Output exactly the lines from the one containing "1/149 Roberts Street, Essendon VIC 3040" through the final line of the entries below, both included, and skip the pictures.

[Listed entries Boundary: Start]

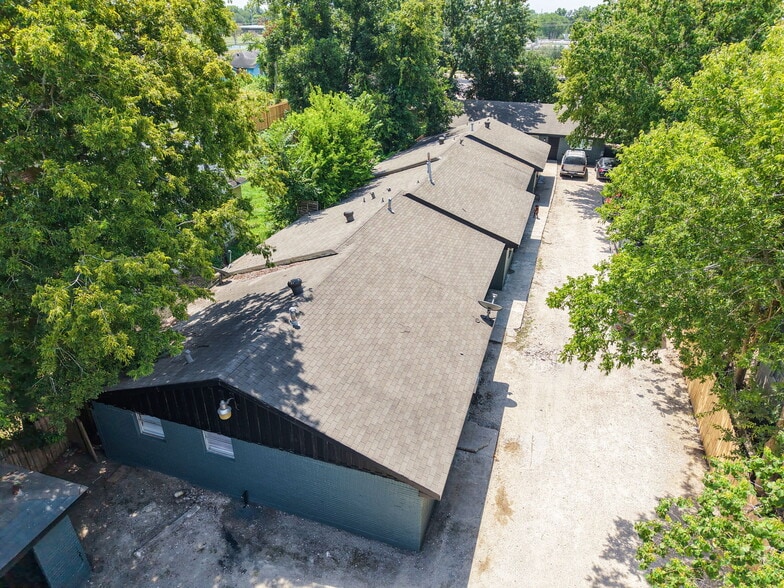 More Photos Of 5022 Mallow St, Houston Apartments For Sale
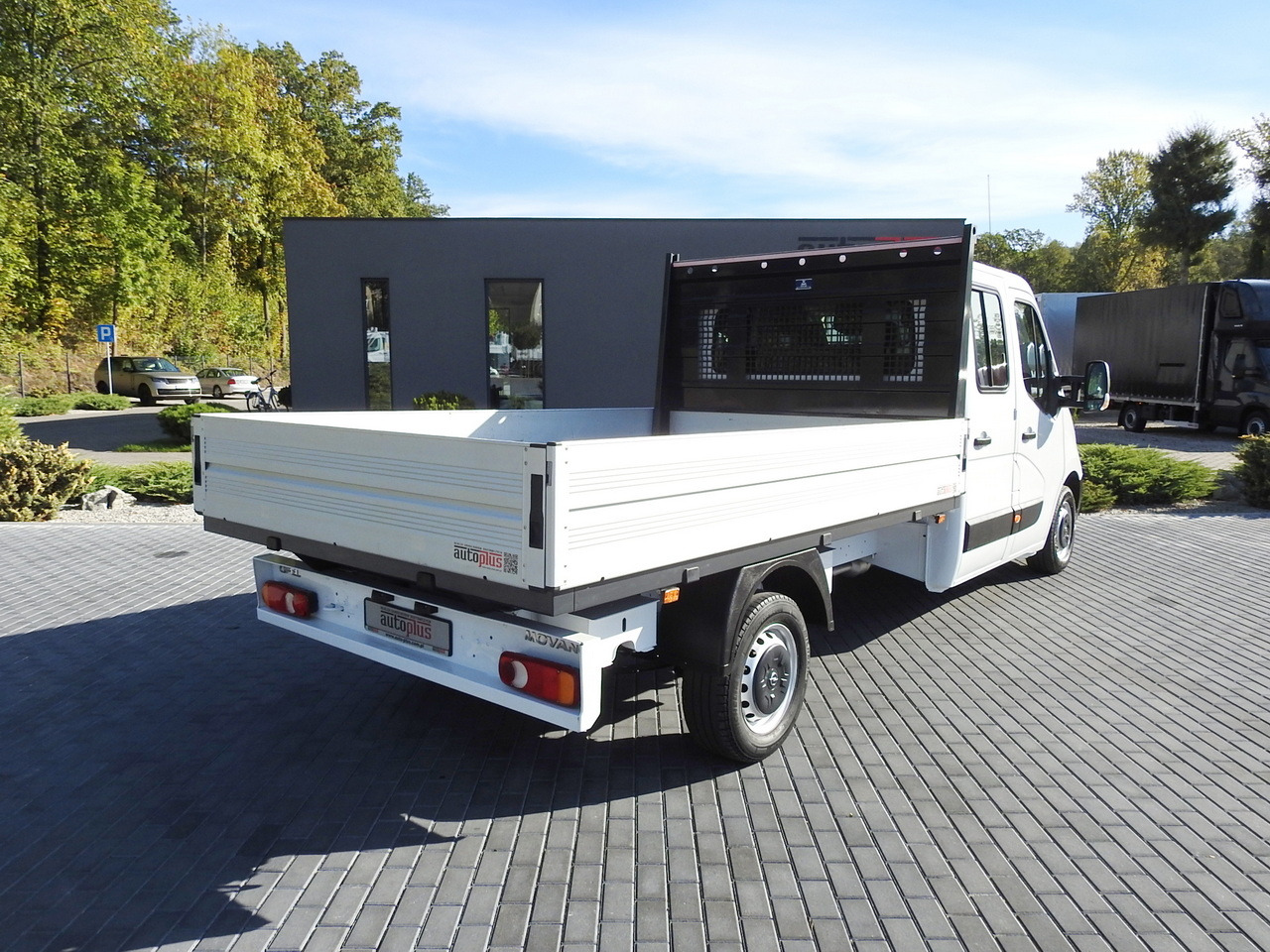 OPEL MOVANO STAKE BODY DOUBLE CABIN DOKA 7 SEATS CRUISE CONTROL AIR CONDITIONING 130HP - Autoutilitară cu platformă: Foto 3 OPEL MOVANO STAKE BODY DOUBLE CABIN DOKA 7 SEATS CRUISE CONTROL AIR CONDITIONING 130HP - Autoutilitară cu platformă: Foto 3
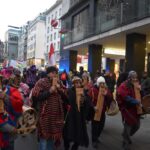 Bolivianische Musiker begleiten die gesamte Demo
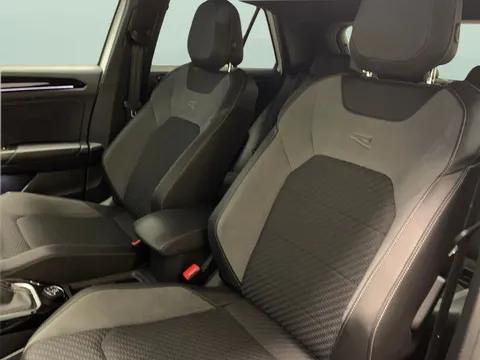 Thumbnail image for the Volkswagen T-Roc 2.0 TSI R   DSG 4Motion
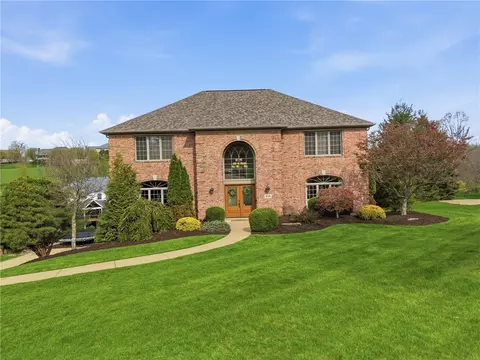 315 Fox Run Dr, Venetia, PA 15367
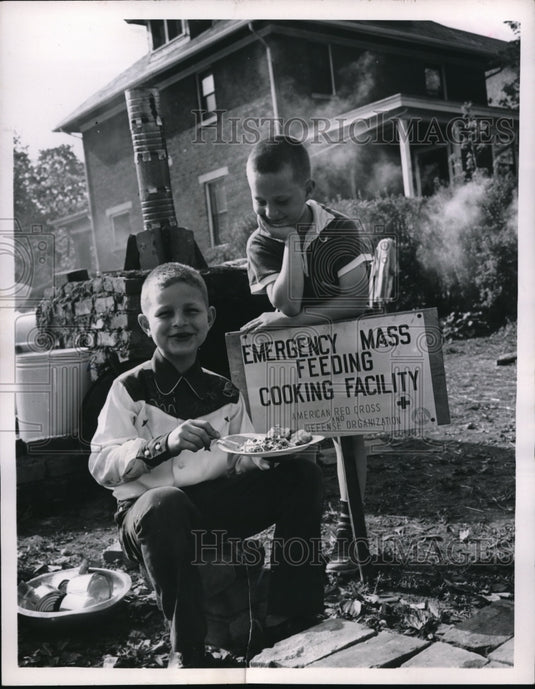 1955 Press Photo Children enjoys emergency mass meal of Red Cross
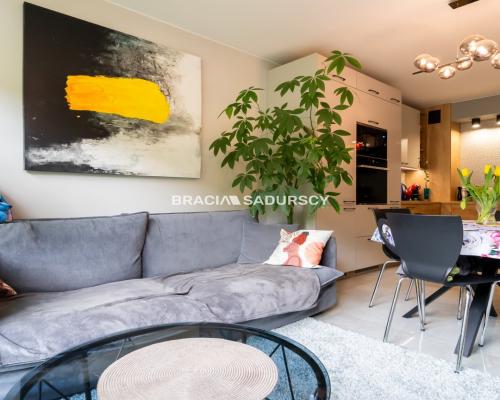 Zachęcam Państwa do zapoznania się z ofertą fantastycznego domu, w najbardziej prestiżowej części Myślenic, w nowoczesnym typie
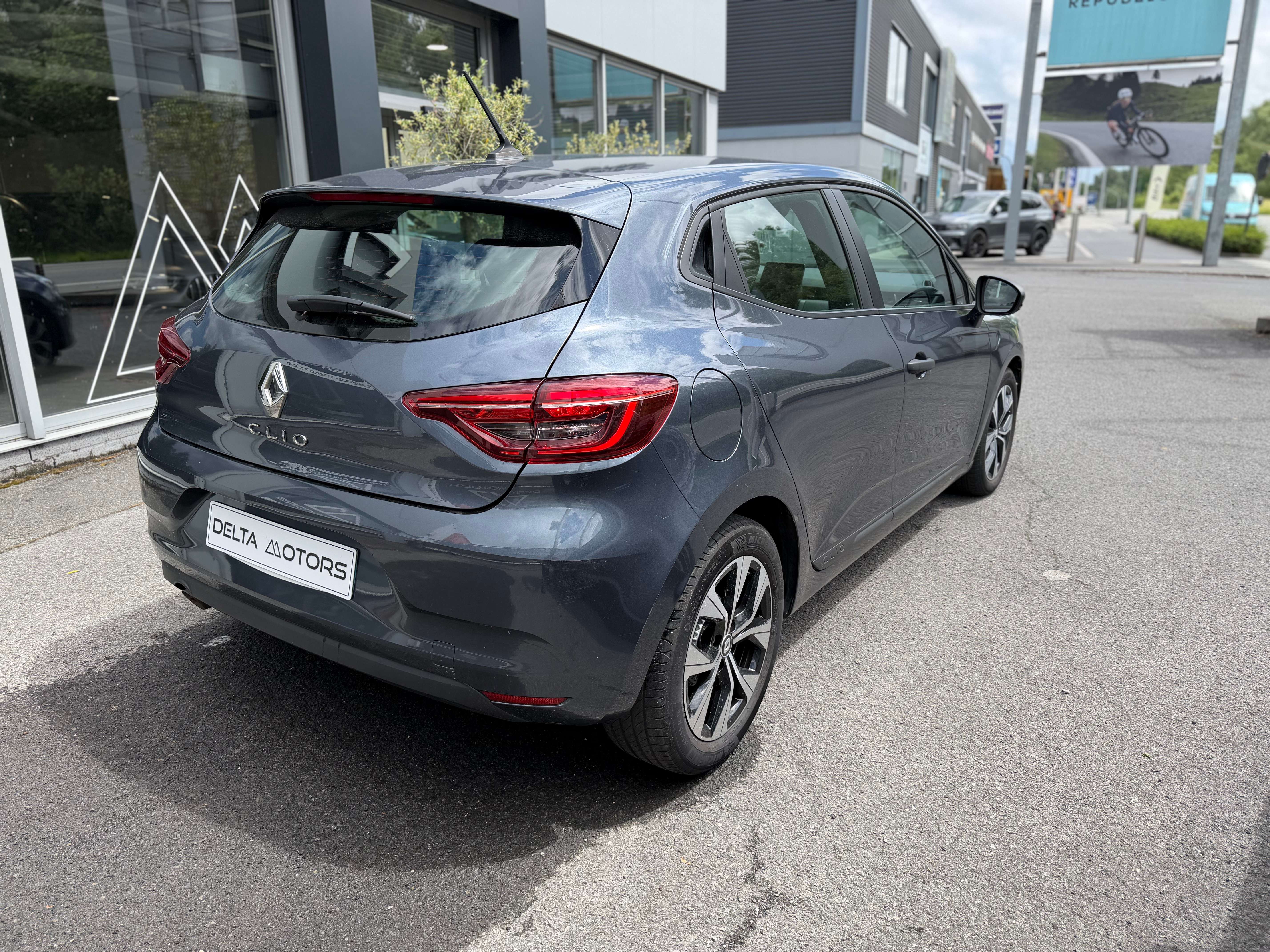 Renault Clio Clio 1.0i * Navi * Digital * Xenon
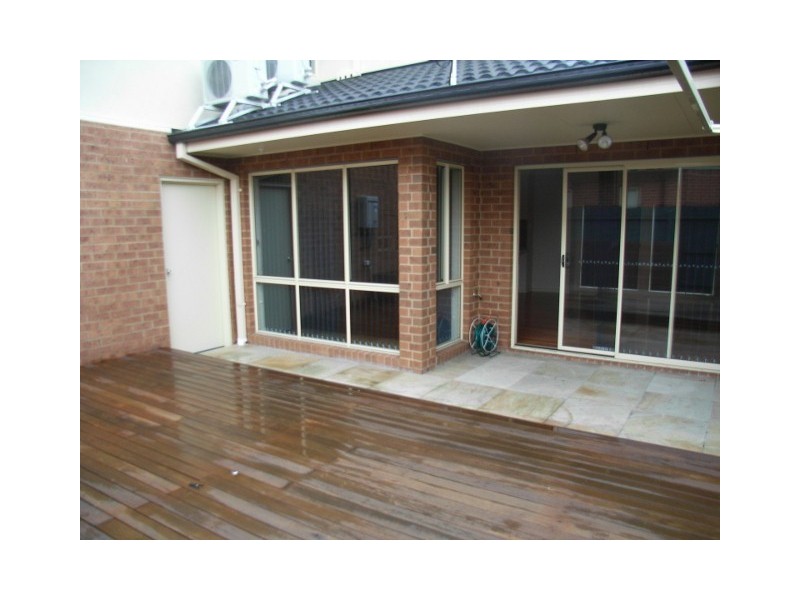 1/149 Roberts Street, Essendon VIC 3040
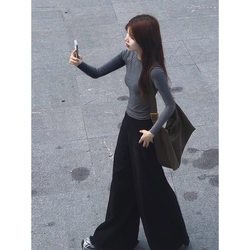 Gray Long-Sleeved T-Shirt for Women, Tight-Fitting Inner Layer, Sweet and Spicy Girl Style, Slim-Fit Round Neck Top, Early Autumn Outfit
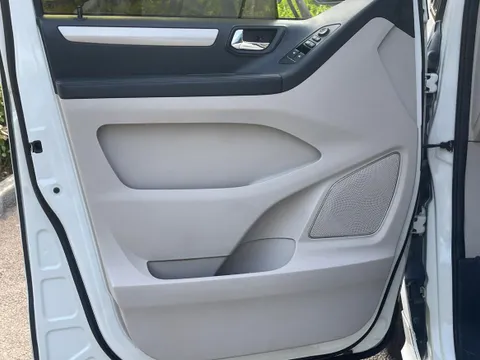 Maxus G10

[Listed entries Boundary: End]

Answer to this exercise:
 1/149 Roberts Street, Essendon VIC 3040
 Gray Long-Sleeved T-Shirt for Women, Tight-Fitting Inner Layer, Sweet and Spicy Girl Style, Slim-Fit Round Neck Top, Early Autumn Outfit
 Maxus G10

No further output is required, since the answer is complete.